Description of problem:
I normally do not reboot my always-on rawhide system very often, unless I'm
building my own testing mm kernels. This has not been the case for quite a
while. Recently, however, following the death of the home set-top dvd player,
and a rainy winter day, I remembered my old gaming windows partition and
rebooted on it (also changed the system gfx card).
Getting back into linux however proved a challenge. The system would oops on
every recent rawhide kernel 9 times out of 10. Strangely enough my old mm kernel
with the associated old initrd would always boot.
I've now captured a partial oops on a picture (very difficult it scrolls out of
the screen fast). I hope it's sufficient to point investigations in some
directions. I don't know if it's a new bug or something triggered by recent
unrelated rawhide changes. The problems always occurs at udev start time, then
the system quickly gets stuck, and need a reset.

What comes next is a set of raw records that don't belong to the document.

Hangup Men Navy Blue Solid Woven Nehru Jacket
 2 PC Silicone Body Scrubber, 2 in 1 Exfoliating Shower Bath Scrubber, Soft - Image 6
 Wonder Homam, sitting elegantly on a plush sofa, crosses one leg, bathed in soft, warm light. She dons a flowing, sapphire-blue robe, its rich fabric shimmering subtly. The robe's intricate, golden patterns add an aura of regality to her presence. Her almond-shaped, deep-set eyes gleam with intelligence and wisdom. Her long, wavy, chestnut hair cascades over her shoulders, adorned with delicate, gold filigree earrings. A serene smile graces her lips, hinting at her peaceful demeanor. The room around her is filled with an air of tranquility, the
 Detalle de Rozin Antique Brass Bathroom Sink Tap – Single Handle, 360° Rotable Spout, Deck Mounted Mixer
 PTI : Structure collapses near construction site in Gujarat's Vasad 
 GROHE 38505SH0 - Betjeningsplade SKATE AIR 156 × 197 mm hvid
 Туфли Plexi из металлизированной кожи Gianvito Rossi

Version-Release number of selected component (if applicable):
Couldn't find a recent fedora kernel without the problem
Almost always, from cold or hot boot, sometimes the boot sequence succeeds but I
haven't found a reliable way to boot so far. The old mm kernel always boots fine
Steps to Reproduce:
Created attachment 301898 [details]
The best screen capture I could produce so far. It's blurry because the screen
is scrolling and the camera captured some remanence
Created attachment 301899 [details]
The same kernel booted successfully the next iteration. Here is the associated
dmesg. Since getting a recent fedora kernel to boot can easily take ~ 1h of
trials I counted myself lucky and stopped the attempts to capture the oops on
Can you use the boot_delay parameter to slow down the scrolling and get a clear
picture of the oops?
Try boot_delay=100 to start with.
Created attachment 302165 [details]
I'm afraid the boot option only results in a blank screen
While I were at it however I retried a picture series and this one is a bit
better I think
That was good enough but too much had scrolled off the screen.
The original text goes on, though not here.